In January 1920 she returned to Norfolk. En route she came to the aid of USS off Bermuda. Bobolink towed Ophir until a storm broke the tow rope about 100 nmi off Cape Henry.

==Postwar operations==
Between 1920 and 1931, Bobolink served with the Fleet Base Force, Scouting Fleet, on the East Coast of the United States and took part in fleet problems, concentrations, and joint Army-Navy maneuvers. On 3 March 1932, she arrived on the West Coast of the United States and was thereafter based at San Diego. She operated along the western seaboard between San Francisco and San Quentin Bay, Mexico, with the Fleet Train and various destroyer divisions. In 1935, she took part in the annual exercises and fleet problems held off Hawaii. Between January and March 1939, she participated in fleet problems in the Caribbean and then returned to San Diego, arriving there on 13 May 1939.

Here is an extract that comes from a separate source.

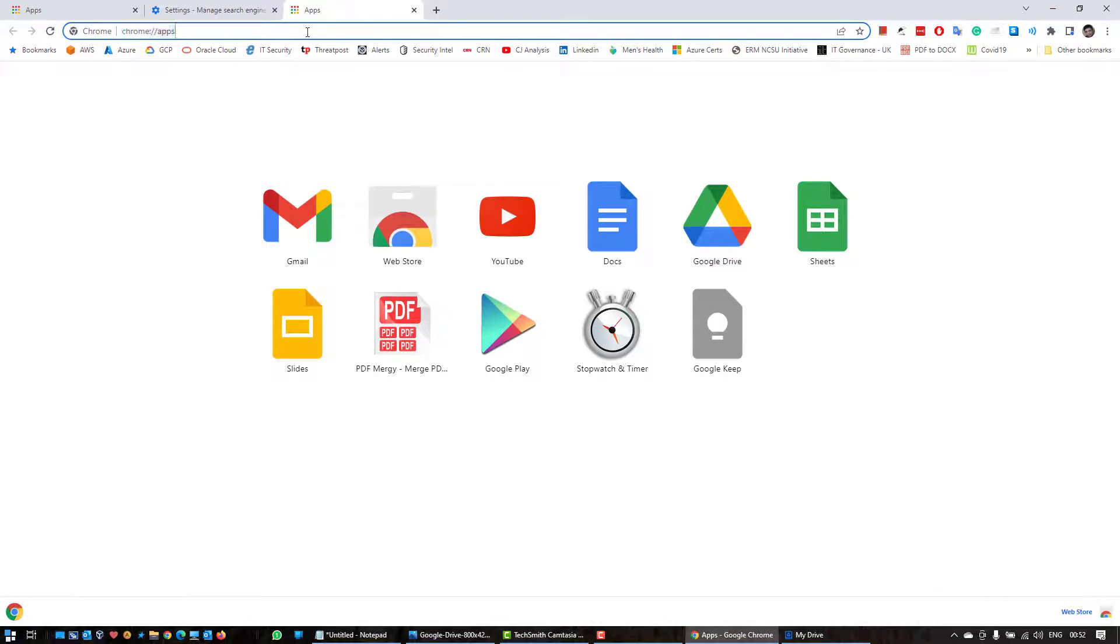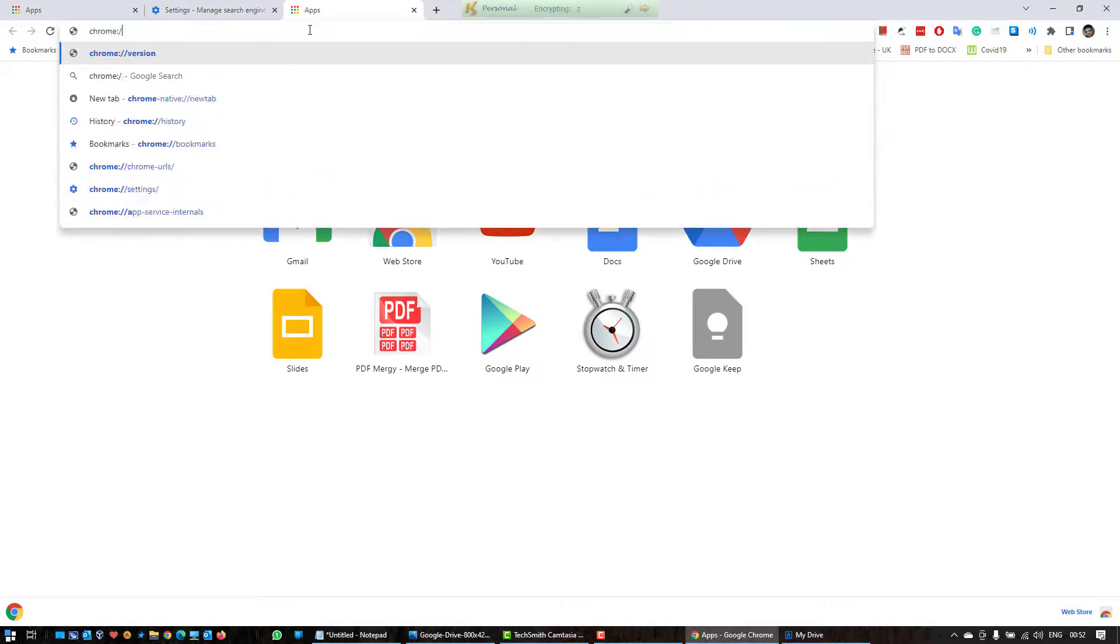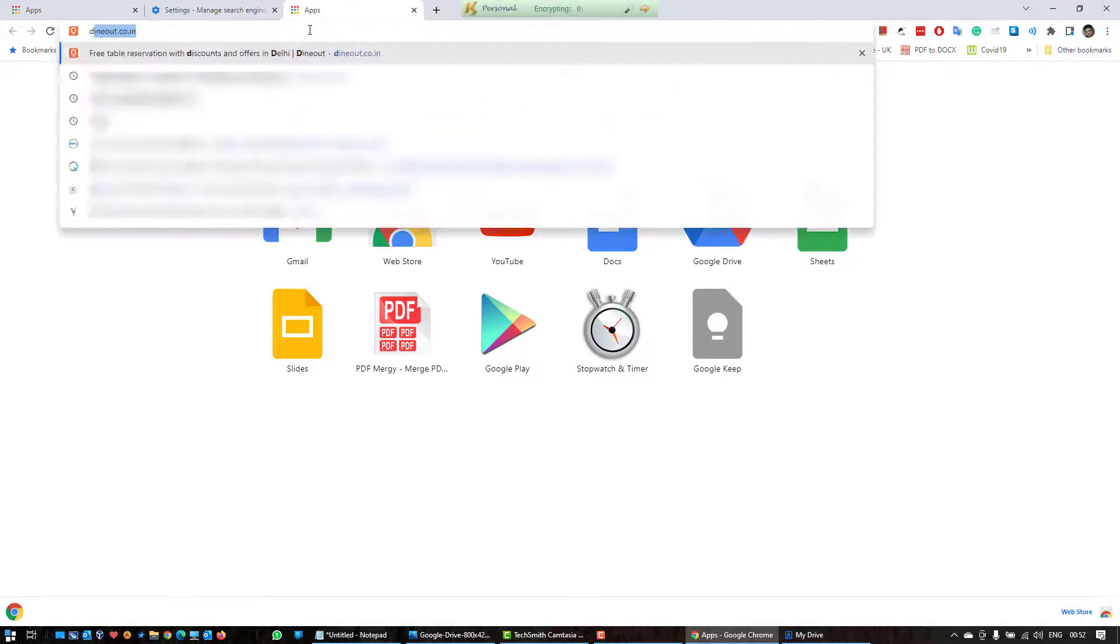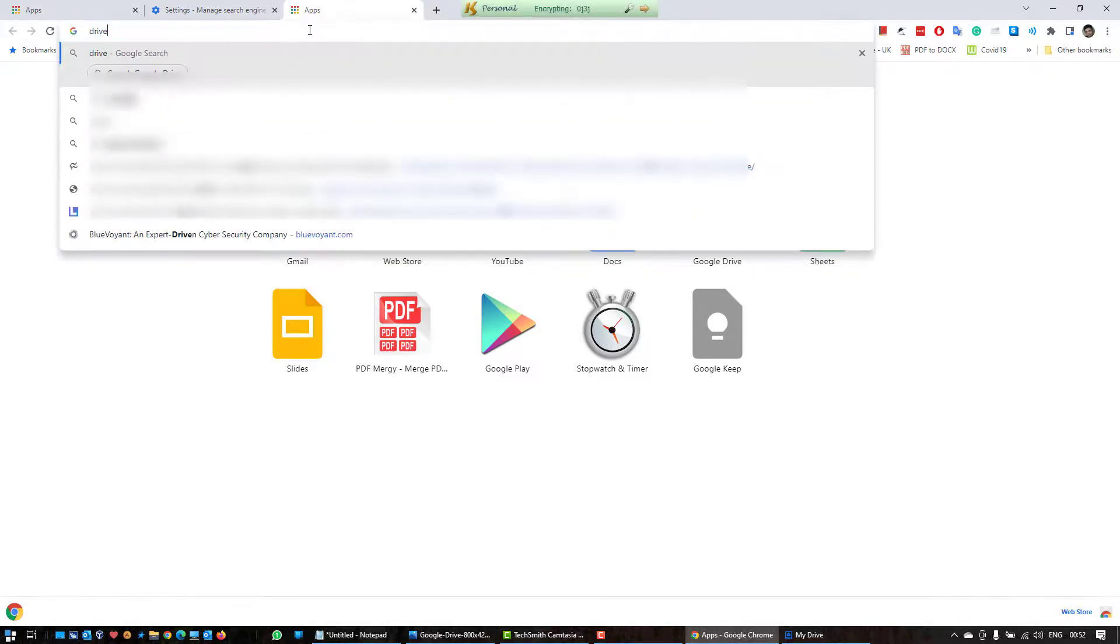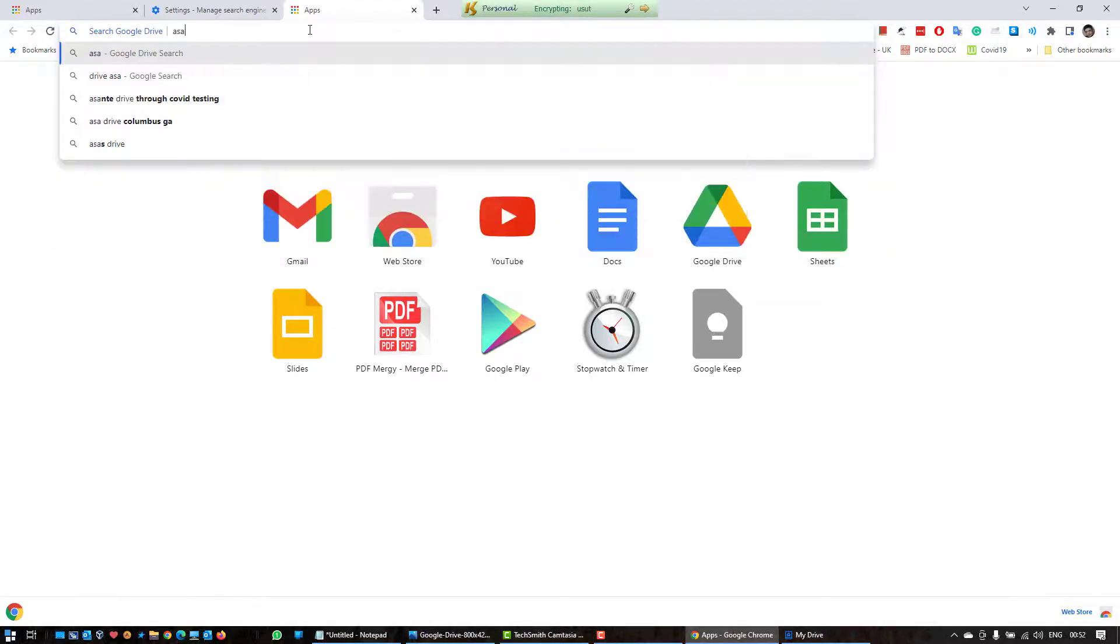First of all type the shortcut, so drive, and hit a space, and then type ASA and hit enter. Let's see what comes up.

==World War II operations==
In September 1940, Bobolink joined the Train, Base Force, United States Fleet, at Pearl Harbor. She remained there until September 1942. Bobolink was present during the Japanese attack on Pearl Harbor on 7 December 1941, laying in dock next to six destroyers near the district HQ. Following the attack, she served as a salvage vessel and minesweeper. Between 20 May and 2 July 1942, she was converted to an ocean-going tug (redesignated AT-131 on 1 June 1942). Remaining at Pearl Harbor until September 1942, Bobolink then steamed to the South Pacific and operated out off Guadalcanal, Solomon Islands; Espiritu Santo, New Hebrides; and Noumea, New Caledonia, as a tug until February 1944. In particular, she helped rescue survivors and assisted several crippled U.S. warships in the aftermath of the Naval Battle of Guadalcanal. She arrived at Long Beach, California, 4 March 1944 for overhaul and returned to Pearl Harbor on 29 June 1944. Bobolink was reclassified ATO-131 on 15 May 1944.

==Decommissioning==
She served in Hawaiian waters until the fall of 1945, and then returned to Mare Island Navy Yard, where she was decommissioned 22 February 1946. She was sold through the Maritime Commission 5 October 1946.

Bobolink received one battle star for operations during World War II.